There are difficulties with this approach. It appears from Ex. A that Ms. McCoy used a $249,000 listing that had been on the market for 57 days as a "low" figure and a $275,000 listing that had been on the market for 673 days as a "high" figure in her calculations. These properties ranged from roughly 3,300 to 12,500 square feet in size. The other listing was listed at $269,500 (a figure she also called a "median") and it was a roughly 3,500 square foot property that had been on the market for 345 days. Neither the exhibit nor testimony clearly explained how the significant differences in listed price/square foot were adjusted or reconciled when considering a listing figure for the Property which this exhibit (as well as Ex. 204) indicates is 5,846 square feet. Nor did the exhibit identify the condition, improvements, features or other relevant information about the listings she used.

While there has been some activity in the area surrounding the Property over the past couple of years, she indicated there was not a large demand and not a lot of interested, potential buyers, and marketing would take six months or more. She also noted that, were she to list the Property, an internal inspection would occur, and that could result in a "real change" in her opinion either up or down.

Paul Tutcher, another real estate broker, was called by Creditor and testified regarding a BPO that he gave on the Property in 2013. Ex. 204. That analysis resulted in an opinion of a $110,000 value as of April 2013. According to the testimony of Creditor's president, Mike Kirk, the presence of this BPO was a substantial basis for the reaffirmation agreement in May 2013 that reduced the balance of the obligation to $100,000.

Mr. Tutcher, like Ms. McCoy, only conducted a "drive-by" viewing of the Property. He relied on three then-pending listings and three closed sales in reaching his 2013 conclusion of value. He testified that he had been contacted by Creditor to do a 2015 "update" analysis but did not return that phone message because he was not interested in taking that engagement.
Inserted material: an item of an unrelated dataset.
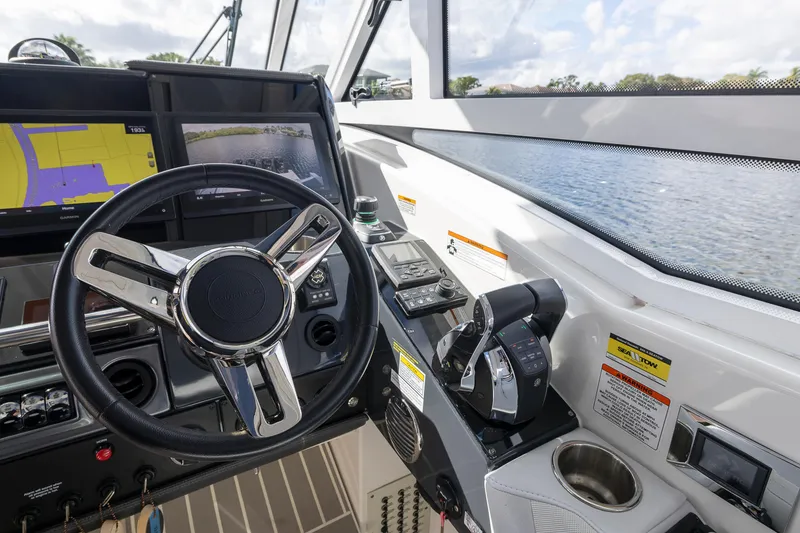 Slide: The Image of 2019 Formula 430 Super Sport Crossover helm with advanced navigation controls and steering wheel. - 38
When asked whether the opinion he reached in 2013 would still be accurate in 2015, he said he would have no idea without doing a new analysis.

The evidence regarding value of the Property is thus widely varied, with significant issues presented by each broker's suggested approach. Mr. Tutcher's 2013 BPO adequately supported the decision of Creditor to reaffirm a $100,000 debt, but was inadequate for purposes of establishing value of the Property in 2015. Ms. McCoy's market analysis, while performed in 2015, merely established an initial listing price range and she indicated more work—including physical inspection—would be needed to refine and arrive at a more accurate figure. It was but a starting point, and one generated by Debtor's misleading indication he was interested in listing and selling the Property.

There was no evidentiary support at all for Debtor's scheduled $325,000 value.

Moreover, the Court finds problematic Ms. McCoy's methodology of "averaging" other listing data. That approach, and the lengthy duration of the listings on listed-but-unsold properties, impacts the weight the Court can give her ultimate conclusions. While she did indicate there was some modest buyer interest in properties in the older section of downtown Lewiston, she did not tie the market interest to this specific Property or its immediate area. And the lack of any specifically identifiable activity impacts the general opinion suggested that prices are substantially higher now than in 2013.

Value is a factual determination, and the Court may consider and weigh any admissible evidence. See, e.g., Wilhelm v. Johnston, 30 P.3d 300, 305 (Idaho Ct. App. 2001) (citing Roemer v. Green Pastures Farms, Inc., 548 P.2d 857, 859 (1976); Farber v. Howell, 721 P.2d 731, 733 (Idaho Ct. App. 1986)). A trial court is not bound to accept one appraisal opinion completely, and may set the value at another figure based on the whole of the weighed evidence, including an intermediate figure. Farber, 721 P.2d at 733.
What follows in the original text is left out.